#### WORK ORDER:
I'd like the entries reproduced exactly, with the images omitted.

** RECORD SET follows **

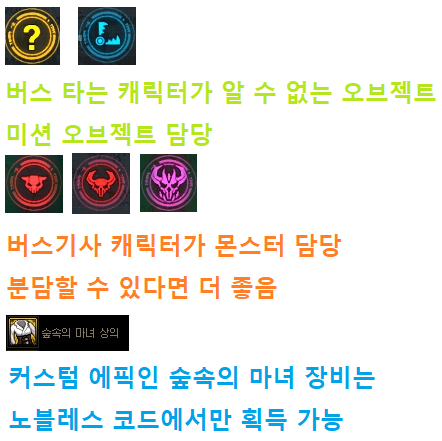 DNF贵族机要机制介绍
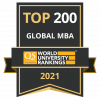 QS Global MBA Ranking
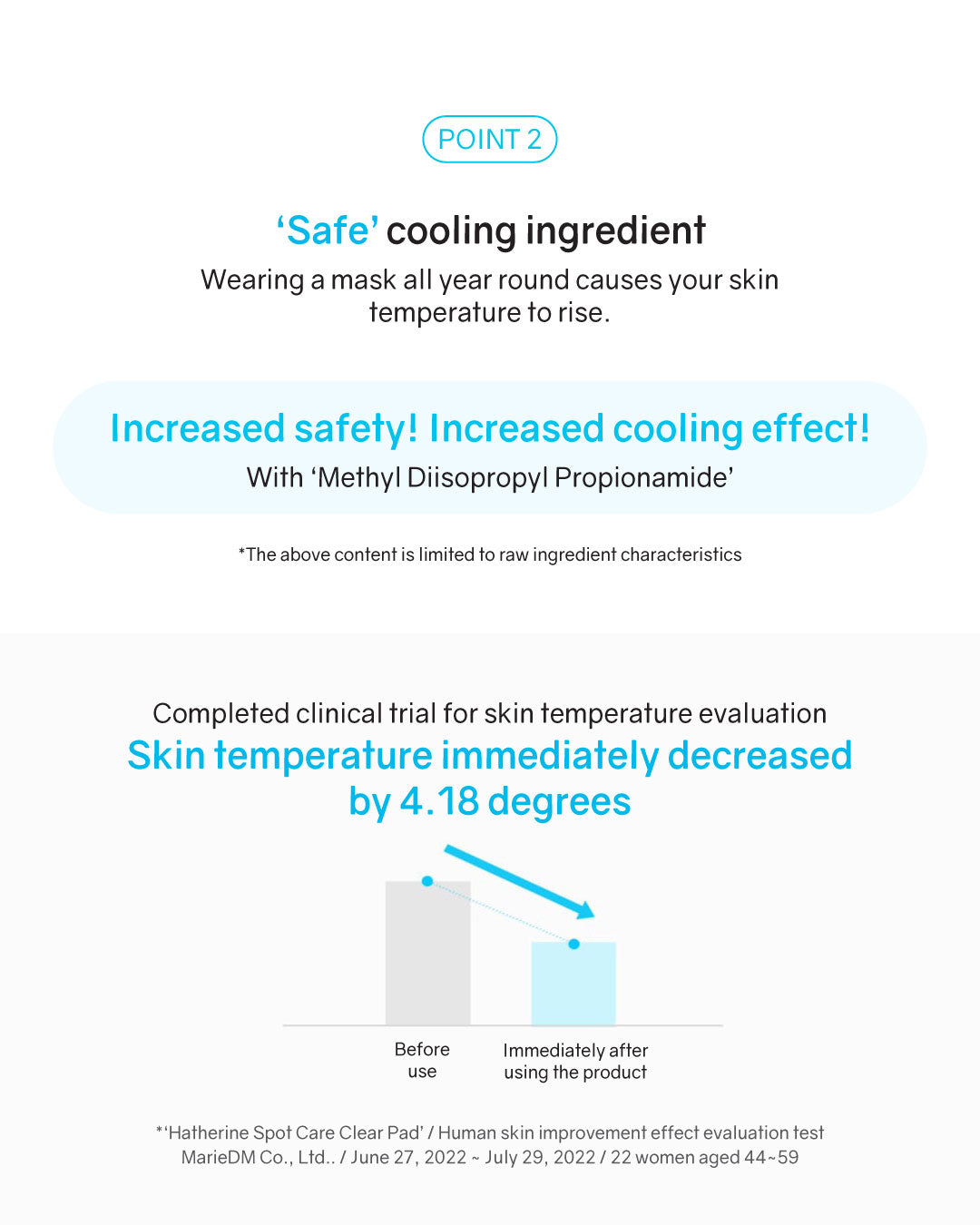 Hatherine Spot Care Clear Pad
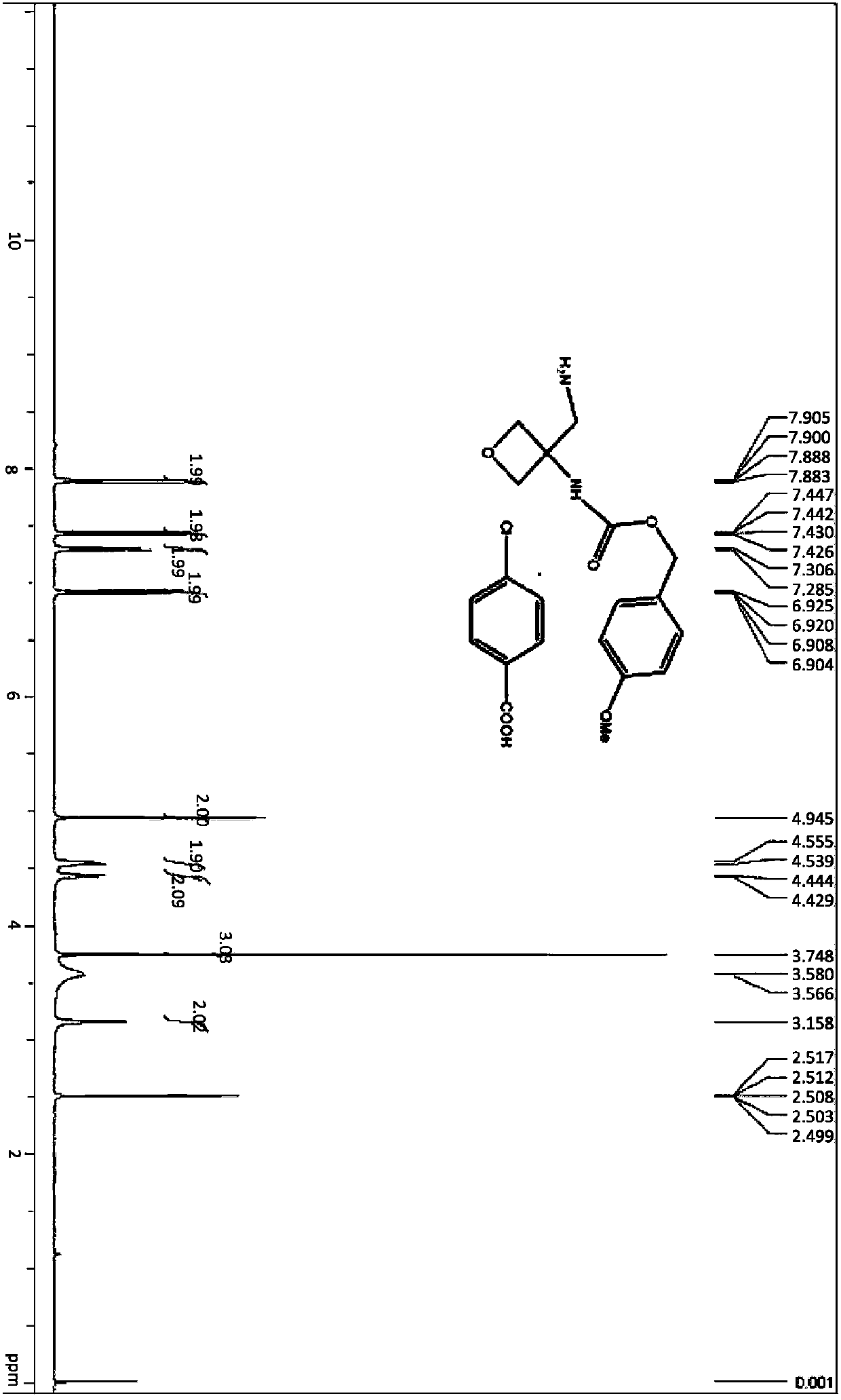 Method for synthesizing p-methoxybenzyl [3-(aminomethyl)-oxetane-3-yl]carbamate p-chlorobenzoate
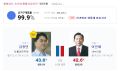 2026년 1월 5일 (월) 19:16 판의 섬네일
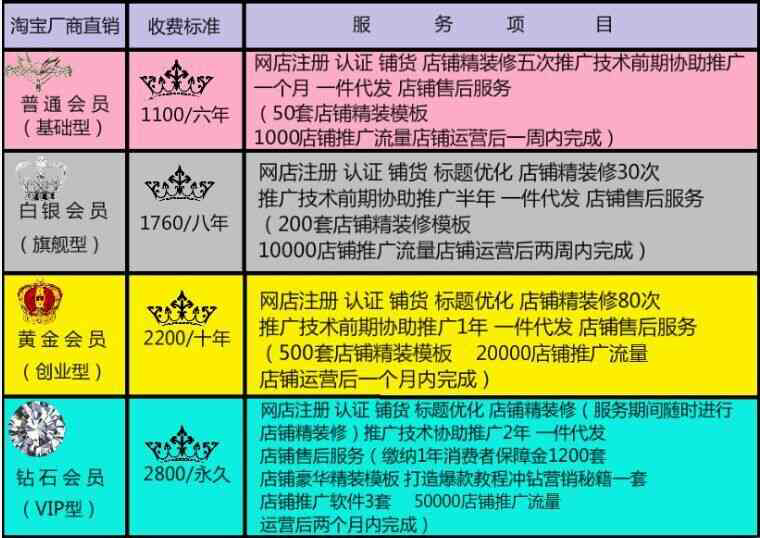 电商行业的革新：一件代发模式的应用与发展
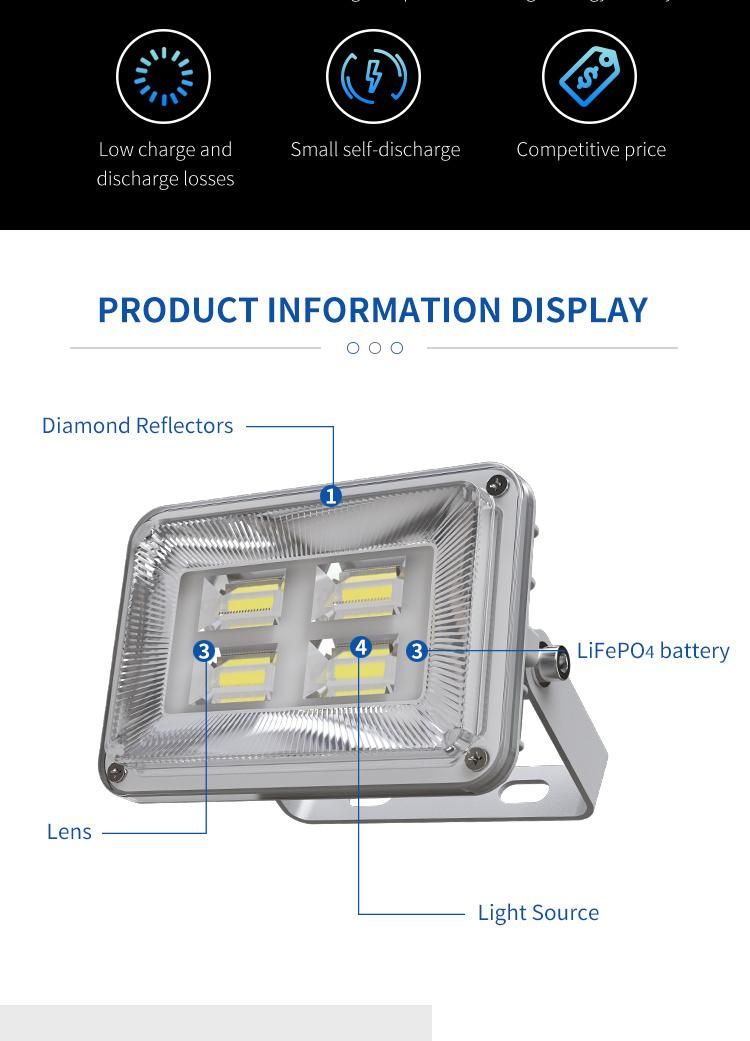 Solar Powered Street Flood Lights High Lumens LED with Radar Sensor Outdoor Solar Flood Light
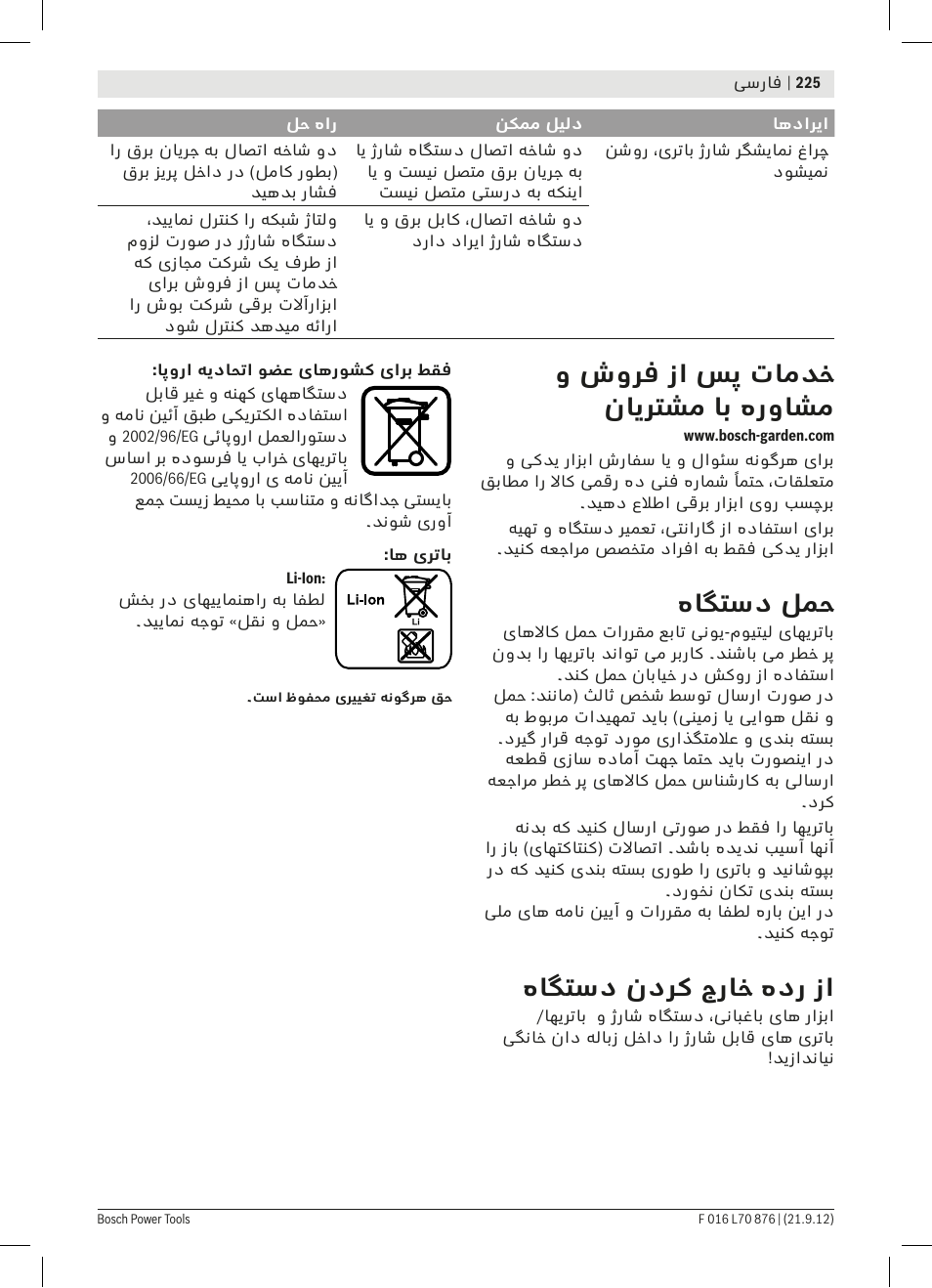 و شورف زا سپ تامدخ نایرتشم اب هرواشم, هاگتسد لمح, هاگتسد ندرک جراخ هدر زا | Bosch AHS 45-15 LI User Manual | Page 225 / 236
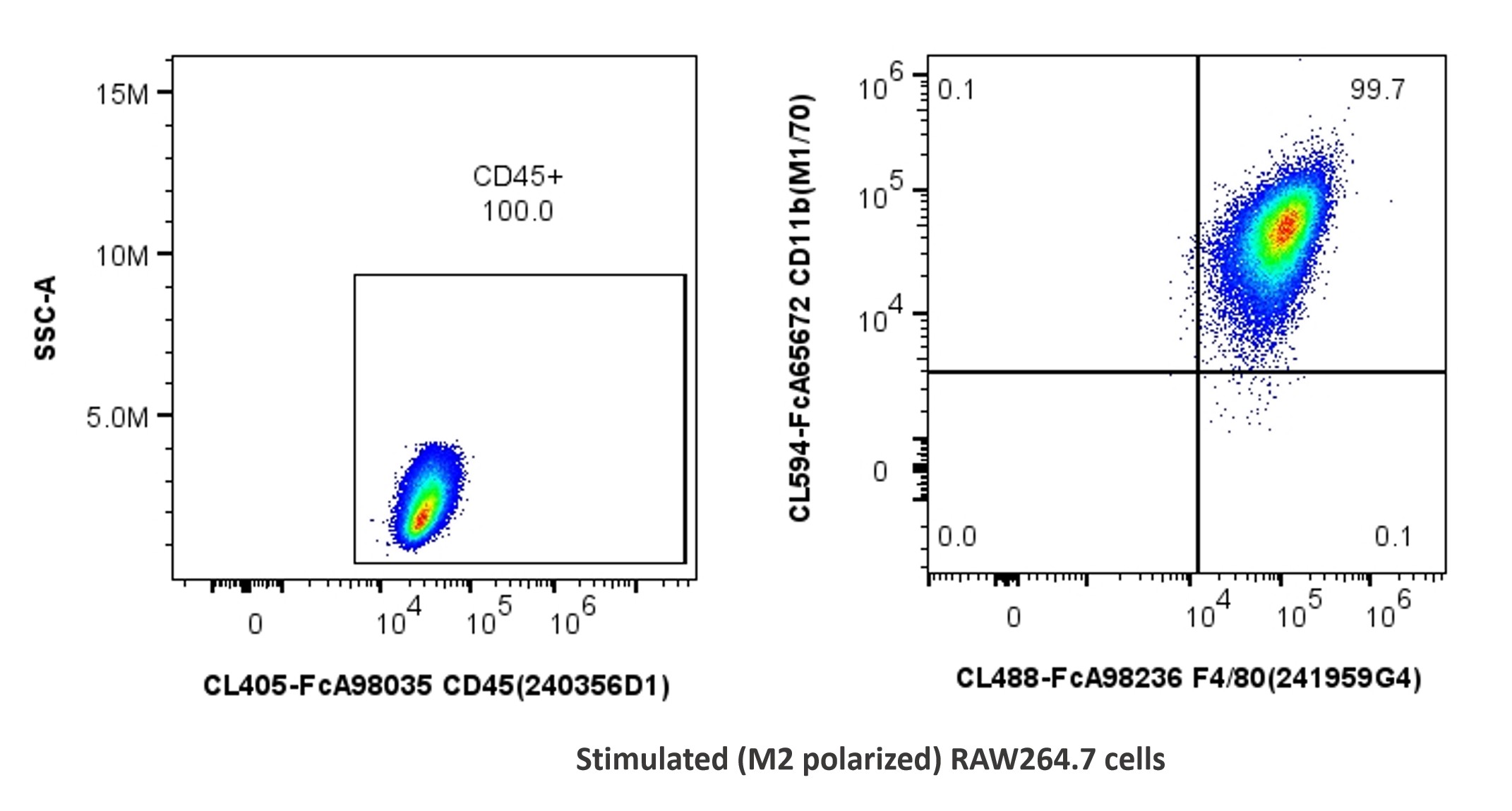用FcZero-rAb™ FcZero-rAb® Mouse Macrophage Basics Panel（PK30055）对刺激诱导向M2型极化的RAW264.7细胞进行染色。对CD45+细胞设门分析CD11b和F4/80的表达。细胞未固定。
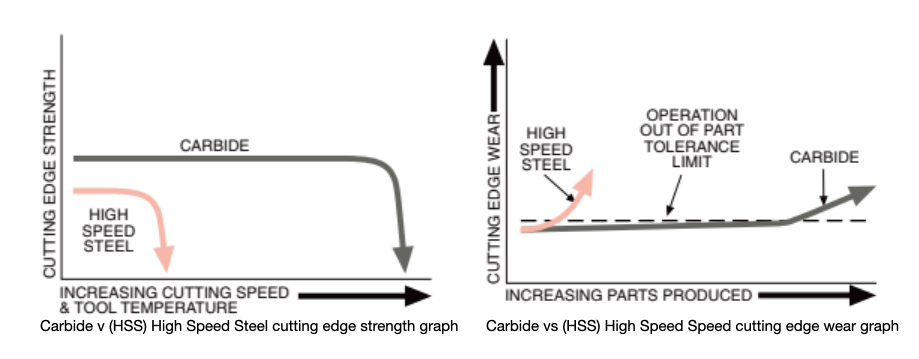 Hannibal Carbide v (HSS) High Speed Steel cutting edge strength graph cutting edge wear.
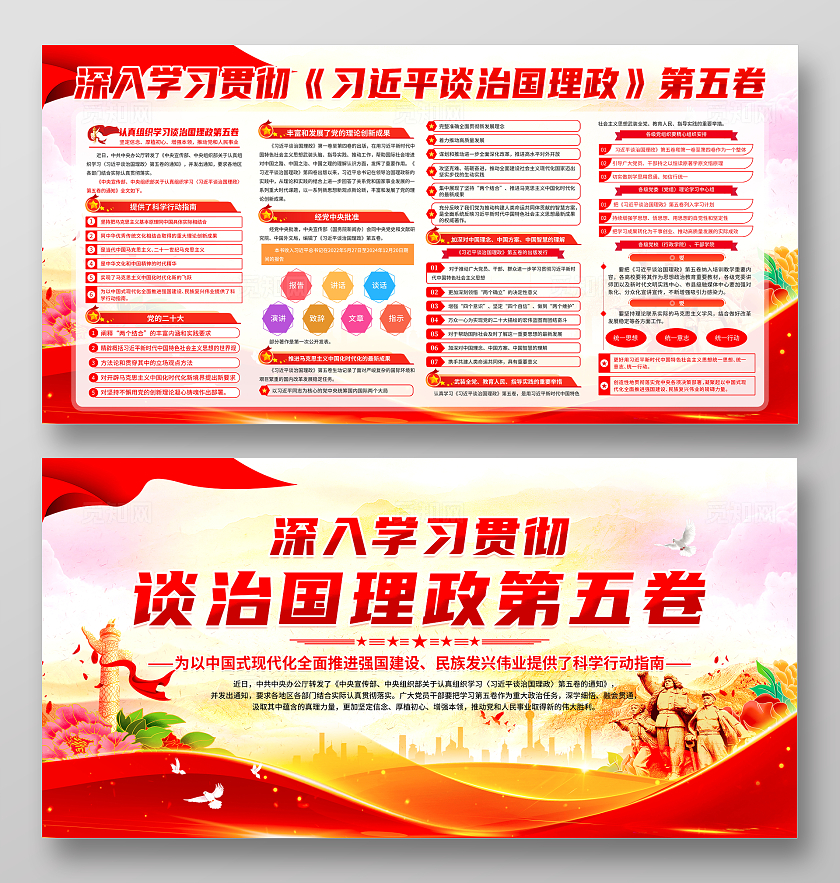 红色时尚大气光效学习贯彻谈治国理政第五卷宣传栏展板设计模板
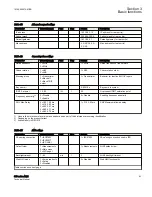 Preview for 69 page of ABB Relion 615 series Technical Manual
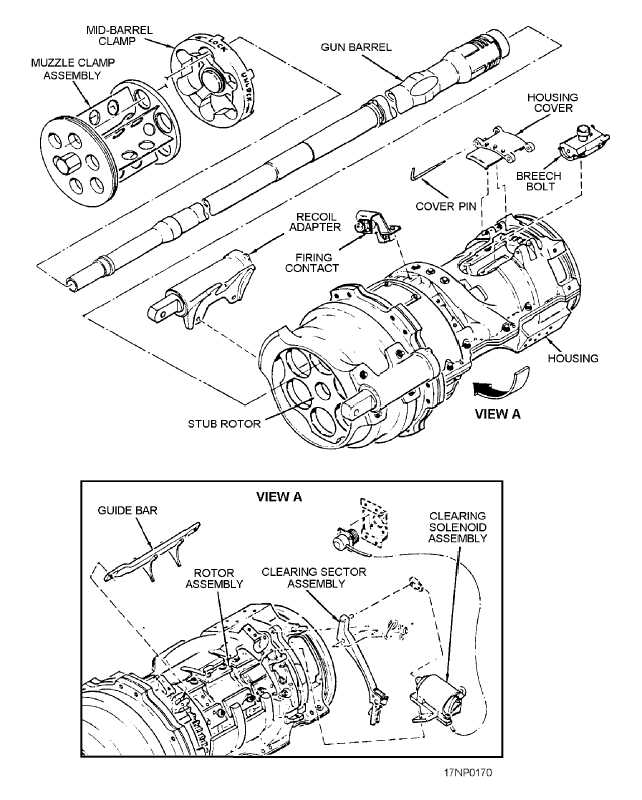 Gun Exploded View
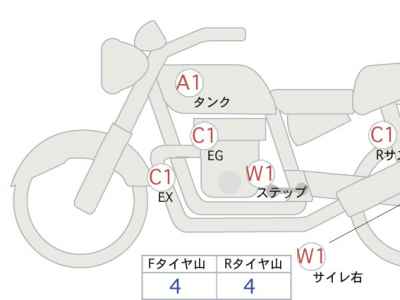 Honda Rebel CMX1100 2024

** End of RECORD SET **

#### SOLUTION TO THIS TASK:
 DNF贵族机要机制介绍
 QS Global MBA Ranking
 Hatherine Spot Care Clear Pad
 Method for synthesizing p-methoxybenzyl [3-(aminomethyl)-oxetane-3-yl]carbamate p-chlorobenzoate
 2026년 1월 5일 (월) 19:16 판의 섬네일
 电商行业的革新：一件代发模式的应用与发展
 Solar Powered Street Flood Lights High Lumens LED with Radar Sensor Outdoor Solar Flood Light
 و شورف زا سپ تامدخ نایرتشم اب هرواشم, هاگتسد لمح, هاگتسد ندرک جراخ هدر زا | Bosch AHS 45-15 LI User Manual | Page 225 / 236
用FcZero-rAb™ FcZero-rAb® Mouse Macrophage Basics Panel（PK30055）对刺激诱导向M2型极化的RAW264.7细胞进行染色。对CD45+细胞设门分析CD11b和F4/80的表达。细胞未固定。
 Hannibal Carbide v (HSS) High Speed Steel cutting edge strength graph cutting edge wear.
 红色时尚大气光效学习贯彻谈治国理政第五卷宣传栏展板设计模板
 Preview for 69 page of ABB Relion 615 series Technical Manual
 Gun Exploded View
 Honda Rebel CMX1100 2024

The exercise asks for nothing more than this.